Merging Multiple Seasons of NCAA Div 1 Softball Statistics
Module
Please note that these material have not yet completed the required pedagogical and industry peer-reviews to become a published module on the SCORE Network. However, instructors are still welcome to use these materials if they are so inclined.
Introduction
Data for a particular sport is often stored across numerous locations. For example, in NCAA Division I Softball, batting statistics for each season are typically stored in separate tables. (See for example the statistics hosted by https://d1softball.com/.)
Suppose we are interested in tracking the statistics of players across multiple seasons. A common way to prep the data to do this is to use join statements to merge each seasons data into one table with one row per player (and columns associated with their different statistics for each season).
This module looks at some simple batting stats over two seasons through the use of joining functions for a small subset of NCAA Division 1 Softball players’ statistics for the 2021 and 2022 seasons. (This is only a small window of a much bigger dataset).
Data
There are four data tables associated with this module.
Two of them, batting2021
and batting2022
, contain statistics for all Division 1 Softball player who played in the 2021 and/or 2022 season.

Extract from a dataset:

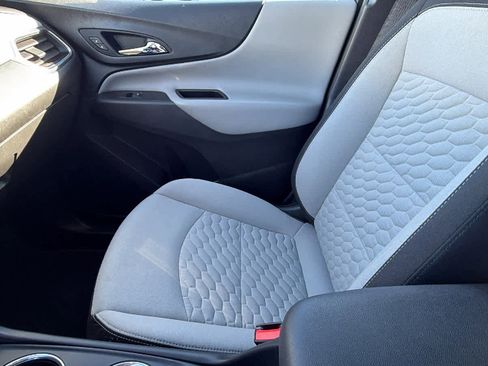 Used 2020 Chevrolet Equinox LT image 12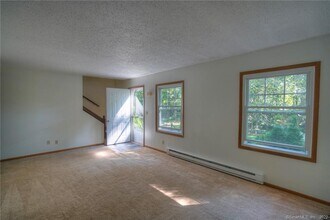 26 Dartmouth Dr in Groton, CT - Building Photo - Building Photo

The other two, batting2021_subset
and batting2022_subset
, represent non-random samples taken the full data. These are displayed below. R is the number of runs scored by the player, H is the number of hits.
Additional details for the full data (batting2021 and batting2022)

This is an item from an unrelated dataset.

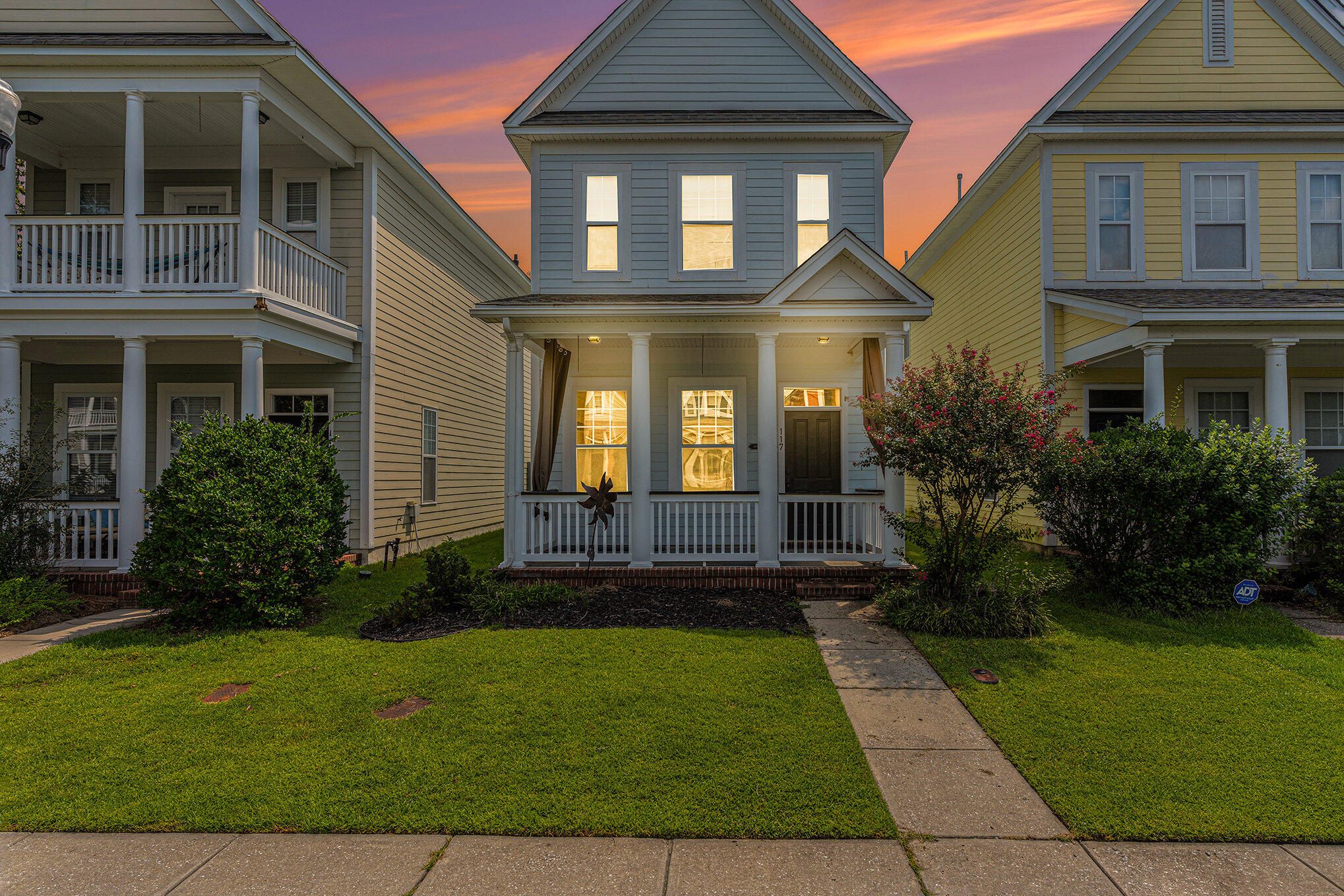 View Summerville, SC 29483 condo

The 2021 data set has 2131 rows with 22 columns. The 2022 data set has 2275 rows with the same 22 columns. Each row represents a Division 1 Softball player who played in the 2021 and/or 2022 season.
Variable | Description |
---|---|
Player | Name of the softball player |
Team | Name of the team (school) for each player |
BA | Batting Average - The ratio of a player’s total base hits to their total number of at-bats, indicating their ability to make successful hits. |
OBP | On-Base Percentage - The percentage of times a player reaches base, either through a hit, walk, or hit-by-pitch, out of their total plate appearances. |
SLG | Slugging Percentage - The measure of a player’s power by calculating the total number of bases they accumulate per at-bat. |
OPS | On-Base Plus Slugging - The sum of a player’s on-base percentage and slugging percentage, providing a comprehensive measure of their offensive contribution. |
GP | Games Played - The total number of games in which a player has participated. |
PA | Plate Appearances - The total number of times a player has come up to bat, including at-bats, walks, and hit-by-pitches. |
AB | At-Bats - The number of times a player has officially faced a pitcher and had an opportunity to hit. |
R | Runs Scored - The number of times a player has crossed home plate and scored a run. |
H | Hits - The total number of successful hits made by a player. |
2B | Doubles - The number of hits resulting in the batter reaching second base. |
3B | Triples - The number of hits resulting in the batter reaching third base. |
HR | Home Runs - The number of hits resulting in the batter scoring a run by hitting the ball out of the park. |
RBI | Runs Batted In - The number of runs a player has driven in with a hit or sacrifice. |
HBP | Hit by Pitch - The number of times a player has been struck by a pitched ball and awarded first base. |
BB | Walks - The number of times a player has received a base on balls (four balls) and been awarded first base. |
K | Strikeouts - The number of times a player has been called out after accumulating three strikes. |
SB | Stolen Bases - The number of times a player successfully advances to the next base without a hit, during a pitch while the ball is in play. |
CS | Caught Stealing - The number of times a player is thrown out while attempting to steal a base. |
CSV format data files
- batting2021_subset.csv: Subset of full dataset containing the season total hits and runs for a non-random sample of six players from 2021
- batting2022_subset.csv: Subset of full dataset containing the season total hits and runs for a non-random sample of six players from 2022
- batting2021.csv: Dataset with the 2021 batting statistics for all 2131 Division 1 softball players
- batting2022.csv: Dataset with the 2022 batting statistics for all 2275 Division 1 softball players
Database (SQL) style
- softball_batting.duckdb: DuckDB database containing four table: the full set of players for each season (batting2021 and batting2022) and the two subsets (batting2021_subset and batting2022_subset).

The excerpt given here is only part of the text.